Finished new gate sign for Rusty & Diamonds protection.


----------



## Stick486 (Jan 4, 2013)

FD_Cox said:


> Finished new gate sign for Rusty & Diamonds protection.
> 
> View attachment 74614


I really like that..


----------



## RainMan 2.0 (May 6, 2014)

Now that's funny! 
Btw nice work on the sign


----------



## Gaffboat (Mar 11, 2012)

I'm with Stick, I really like that! Both the dog and I had a good laugh.


----------



## Semipro (Mar 22, 2013)

Floyd
Great sign love it!


----------



## old55 (Aug 11, 2013)

Great sign well thought out.


----------



## fdcox (Dec 3, 2007)

Thank you guys, It was fun to make.


----------



## DesertRatTom (Jul 3, 2012)

Really nice sign, good design, execution and wording.


----------



## Santé (Jan 14, 2010)

very nice !


----------



## Dmeadows (Jun 28, 2011)

Floyd, I really like that sign. Nice work!


----------



## neville9999 (Jul 22, 2010)

Funny. N


----------



## Web Shepherd (Feb 8, 2012)

Floyd ~ Nice job. What font did you use for the "Don't let the dogs out no matter what they tell you"?

Bob


----------



## 64 ford (Apr 21, 2013)

Dogs do have a way with words tho-- they can be pretty persuasive too ! Nice sign also.
Dennis


----------



## Roy Drake (Feb 10, 2014)

Now why didn't I think of that? Good sense of humor.


----------



## JudgeMike (Feb 27, 2012)

Really nice job and witty! Is it routed and painted or just painted? Really like the burnt edges...


----------



## firstmuller (Aug 28, 2014)

Great sign.
Allen


----------



## Marco (Feb 21, 2009)

Very nice free hand work and love the burn effect!


----------



## fdcox (Dec 3, 2007)

Web Shepherd said:


> Floyd ~ Nice job.

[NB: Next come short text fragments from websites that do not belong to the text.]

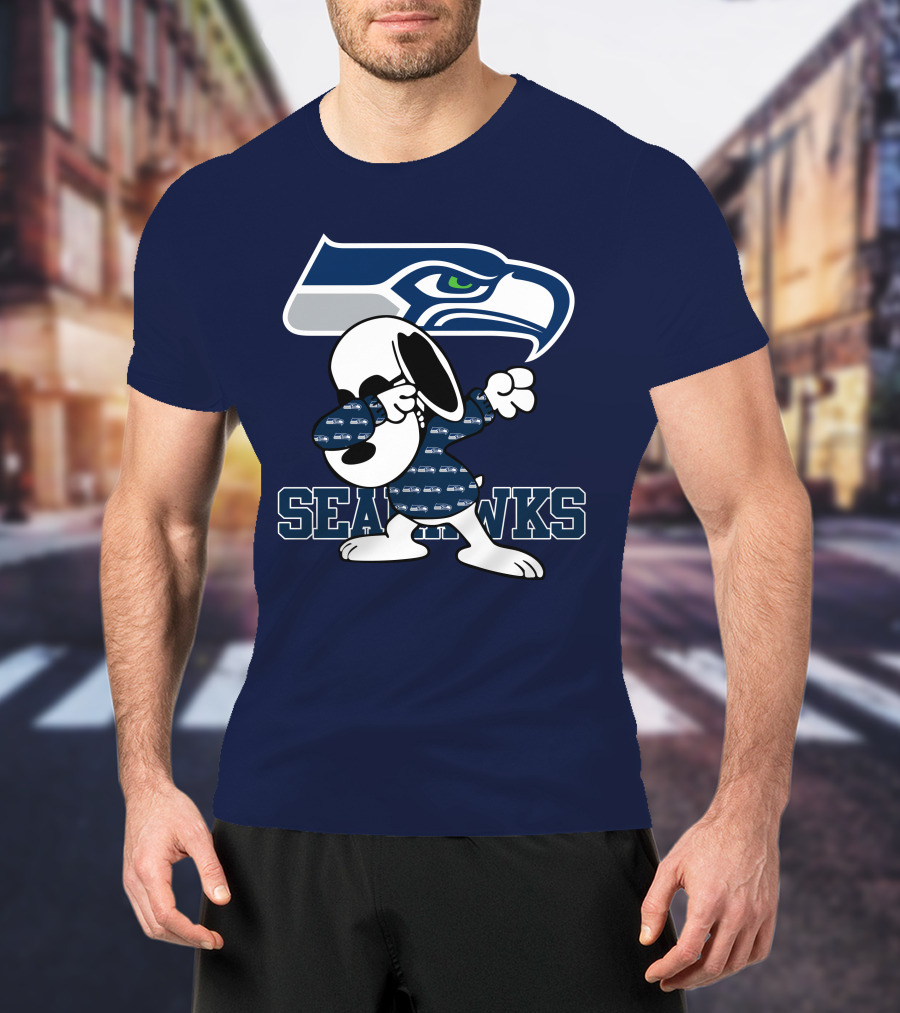 Seattle Seahawks Snoopy Dabbing NFL Team Fan Apparel Bowing Dance T-Shirt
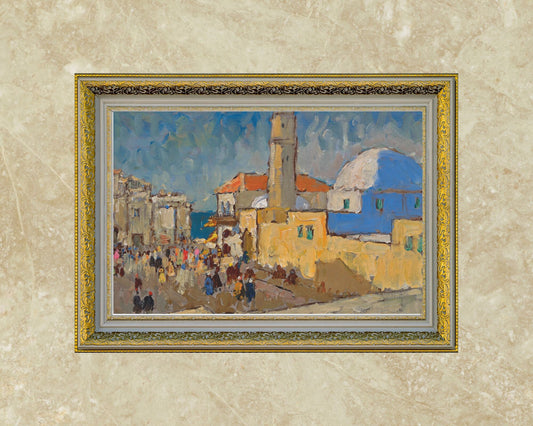 A Mosque in Jaffa Painting by Konstantin Gorbatov Art Print framed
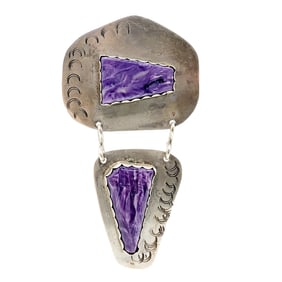 Sterling Stamped Charoite Pendant 33.7g
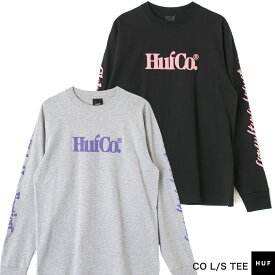 HUF ハフ CO L/S TEE ロゴ 長袖 ロンT TS01956 長袖 カットソー メンズ レディース ユニセックス 男女兼用 ブラック グレー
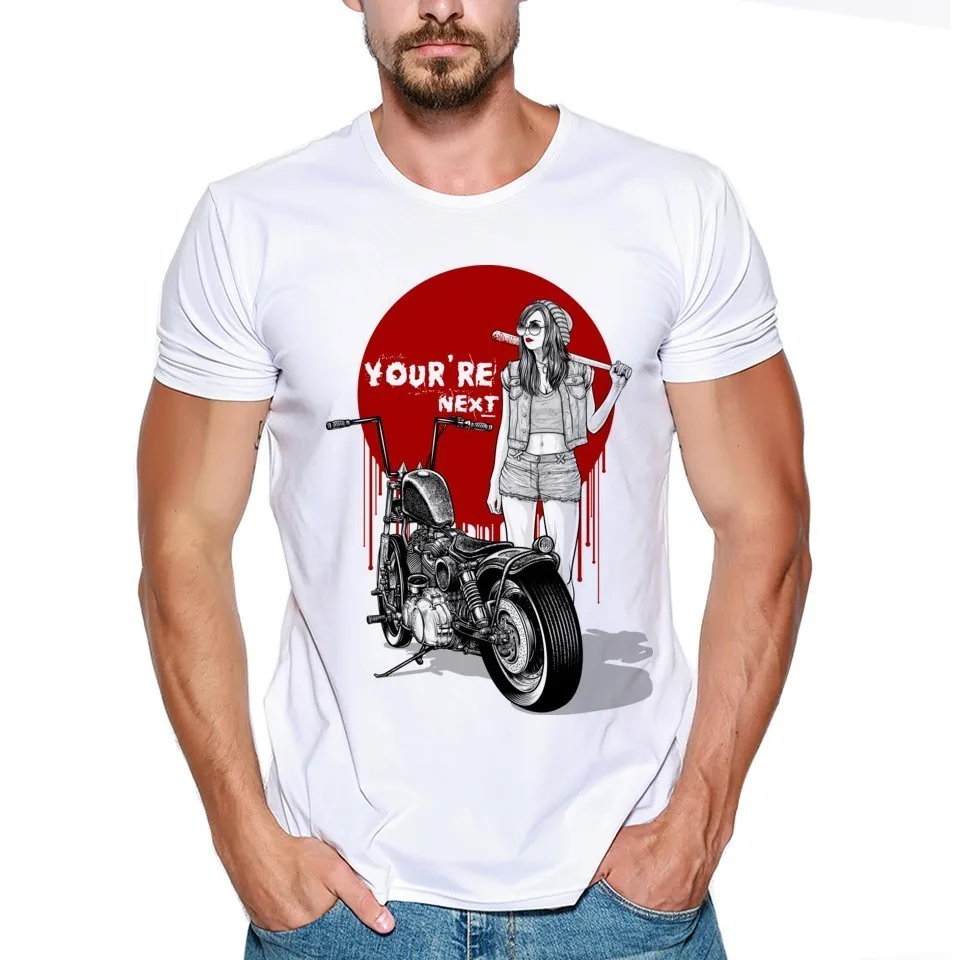 

Brand Gangsta Girl Printed Mens Tee Shirts Clothing T Shirt Men Funny Motorcycle T Shirts 3d Tee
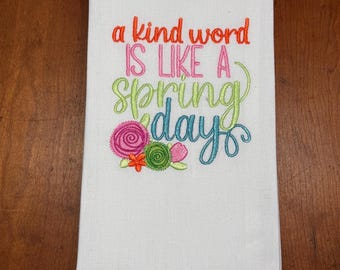 Springtime Teal Bordered Kitchen Dish Towel, A Kind Word is like a Spring Day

What font did you use for the "Don't let the dogs out no matter what they tell you"?
> 
> Bob


I believe the font was Segoe Script


----------



## fdcox (Dec 3, 2007)

JudgeMike said:


> Really nice job and witty! Is it routed and painted or just painted? Really like the burnt edges...


Yes it is routed, probably too much flash to pickup the details


----------



## papasombre (Sep 22, 2011)

Hi, Floyd.

Nice job. Flies and mosquitoes will also appreciate it, even without a word.


----------